Só uma voz me arrebata
este esqueleto espinhoso
de pelo retrocedido
e eriçado que possuo.

Os seus ventos não podem
secar os mares carnosos
e o coração permanece
fresco em seu grilhão de agosto
porque essa voz é a arma
mais tenra de seus arroios:

"Miguel: acordo contigo
depois do sol e do pó,
antes da símile lua,
tumba de um sonho amoroso".

Amor: afasta meu ser
de seus primeiros escombros,
e edificando-me, dita
uma verdade como um sopro.

Depois do amor, toda a terra.
Depois da terra, só tudo.



Miguel Hernández: "Después del amor"



No pudimos ser. La tierra 
no pudo tanto.

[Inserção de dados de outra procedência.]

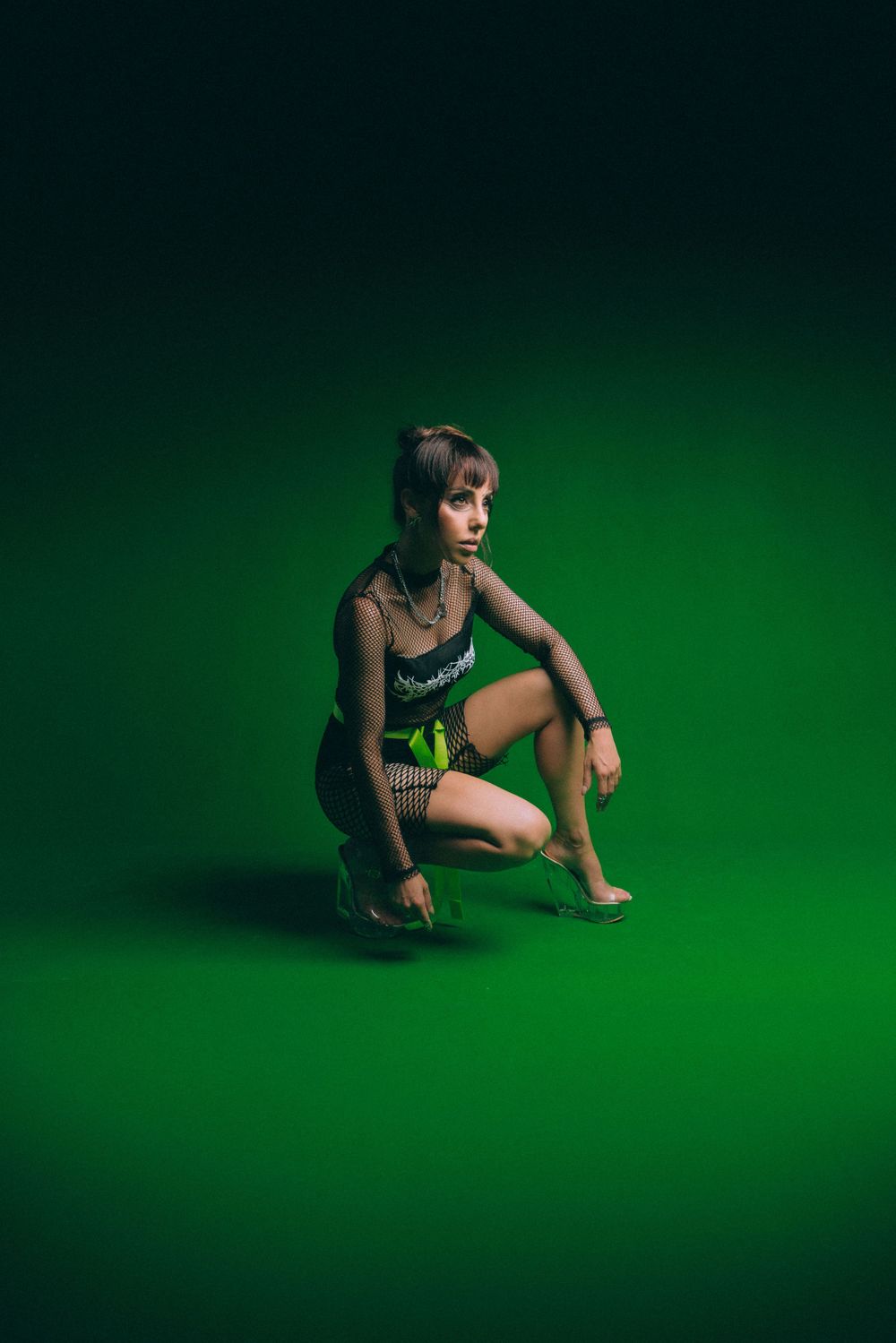 Artistic portrait on green background with model in mesh outfit striking dynamic pose.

No somos 
cuanto se propuso el sol 
en un anhelo remoto. 
Un pie se acerca a lo claro. 
En lo oscuro insiste el otro. 
Porque el amor no es perpetuo 
en nadie, ni en mí tampoco. 
El odio aguarda su instante 
dentro del carbón más hondo. 
Rojo es el odio y nutrido. 

El amor, pálido y solo. 

Cansado de odiar, te amo. 
Cansado de amar, te odio.

Llueve tiempo, llueve tiempo. 
Y un día triste entre todos, 
triste por toda la tierra, 
triste desde mí hasta el lobo, 
dormimos y despertamos 
con un tigre entre los ojos.

Piedras, hombres como piedras, 
duros y plenos de encono, 
chocan en el aire, donde 
chocan las piedras de pronto.

Soledades que hoy rechazan 
y ayer juntaban sus rostros. 
Soledades que en el beso 
guardan el rugido sordo. 
Soledades para siempre. 
Soledades sin apoyo.

Cuerpos como un mar voraz, 
entrechocado, furioso.

Solitariamente atados 
por el amor, por el odio.
Por las venas surgen hombres, 
cruzan las ciudades, torvos.

En el corazón arraiga 
solitariamente todo. 
Huellas sin compaña quedan 
como en el agua, en el fondo.

Sólo una voz, a lo lejos, 
siempre a lo lejos la oigo, 
acompaña y hace ir 
igual que el cuello a los hombros.

Sólo una voz me arrebata 
este armazón espinoso 
de vello retrocedido 
y erizado que me pongo.

Los secos vientos no pueden 
secar los mares jugosos. 
Y el corazón permanece 
fresco en su cárcel de agosto 
porque esa voz es el arma 
más tierna de los arroyos:

«Miguel: me acuerdo de ti 
después del sol y del polvo, 
antes de la misma luna, 
tumba de un sueño amoroso».

Amor: aleja mi ser 
de sus primeros escombros, 
y edificándome, dicta 
una verdad como un soplo. 

Después del amor, la tierra. 
Después de la tierra, todo.




In: HERNÁNDEZ, Miguel. "Obra Completa". Madrid: Espasa Libros, 2010.